Each table can be mapped to a dataframe, removing empty rows and filling down on the blanks.

The columns could be detected, but they are consistent and will need rolling over for multiple tables in a box, so we might as well set them explicitly and then tidy up.

example_df = pd.read_html(example_tales_tables[0].html)[0]
example_df = example_df.dropna(how='all').fillna(method='ffill')
example_df.columns = ["ATU Title", "AT", "Title", "Origin"]

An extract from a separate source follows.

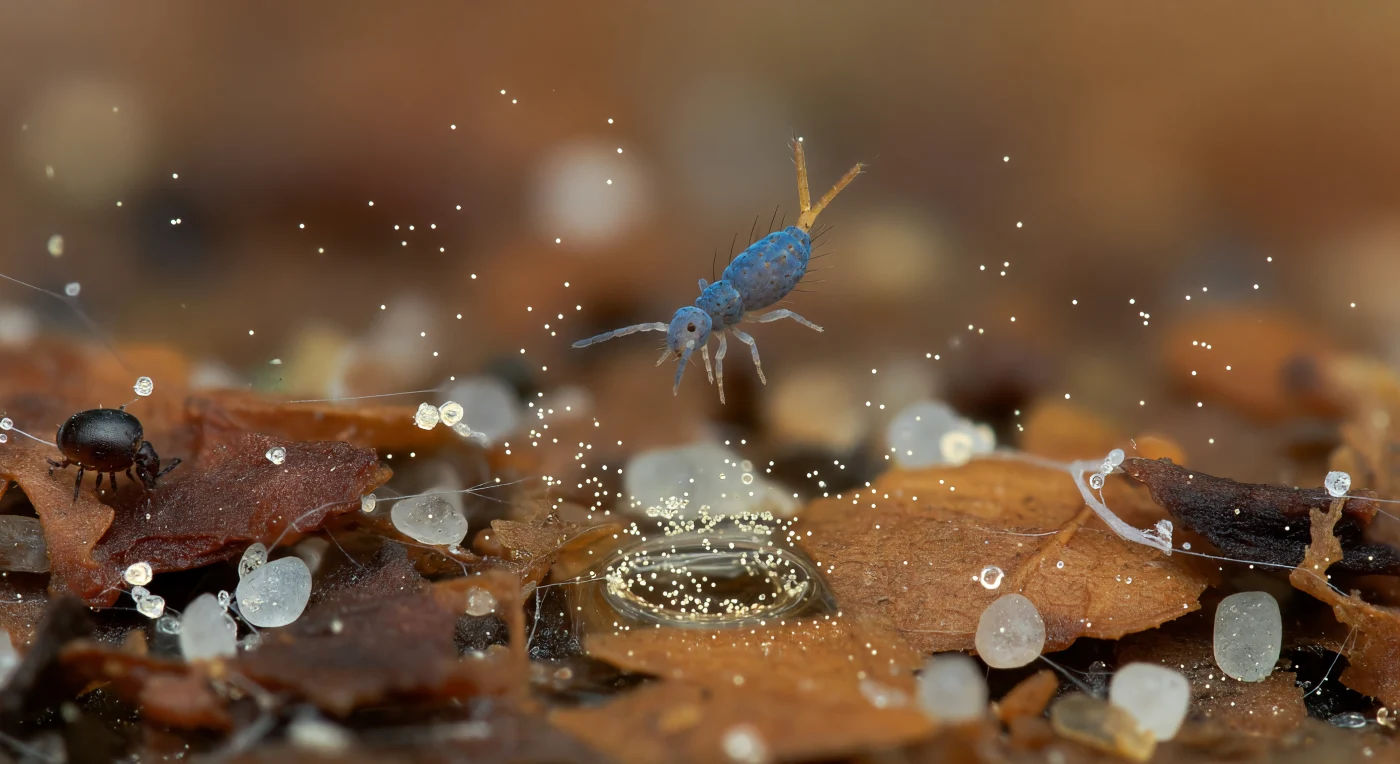 Suspended in the amber dark of the litter layer, an iridescent blue-gray springtail hangs at the precise millisecond of its escape — furcula still extended, body beginning its forward arc, six threadlike legs splayed outward as though startled by their own sudden freedom. The furcula itself, a translucent chitinous fork locked until this instant beneath a catch called the tenaculum, has just delivered its mechanical verdict: a release so fast — completed in under two milliseconds — that it ranks among the most violent accelerations in the biological world, launching a body of barely one milligram across a distance equivalent to a human clearing a twenty-story building. Below, the substrate dissolves into warm bokeh — compressed oak litter in burnt sienna and tobacco brown, pale quartz grains transmitting cool interior light, white mycelial cables strung taut between leaf fragments — and where the springtail's ventral collophore last pressed the surface, a halo of fungal spores drifts outward, each oblate sphere two to five micrometers across, catching the single cool shaft of cellulose-filtered daylight as pale gold motes. At the left edge of frame, barely resolved, a polished mahogany oribatid mite anchors the scene in ecology: these two animals share the same cathedral of decaying matter, one armored and deliberate, the other already gone.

# Remove column names if they were in the table and reset index
example_df = example_df[example_df["ATU Title"]!="ATU Title"].reset_index(drop=True)

# Tidy AT
example_df["AT"] = example_df["AT"].str.replace("*", "", regex=False)
# Tidy ATU Title
example_df["ATU Name"] = example_df["ATU Title"].apply(lambda x: " ".join(x.split()[2:]))
example_df.head()
ATU Title AT Title Origin ATU Name
0 ATU 300 The Dragon-Slayer 300 Three Brothers and the three Tasks British The Dragon-Slayer
1 ATU 300 The Dragon-Slayer 300 Three Dogs German The Dragon-Slayer
2 ATU 300 The Dragon-Slayer 300 Black Crow and the White Cheese Egyptian The Dragon-Slayer
3 ATU 300 The Dragon-Slayer 300 Five Counsels Mexican The Dragon-Slayer
4 ATU 300 The Dragon-Slayer 300 Monster's Hairs Armenian The Dragon-Slayer

Also note that we need to parse out the link for the tale in the HTML table. The pandas .read_html() function does not do this out of the can, although we can patch pandas to support it. Alternatively, we can grab the links from the table.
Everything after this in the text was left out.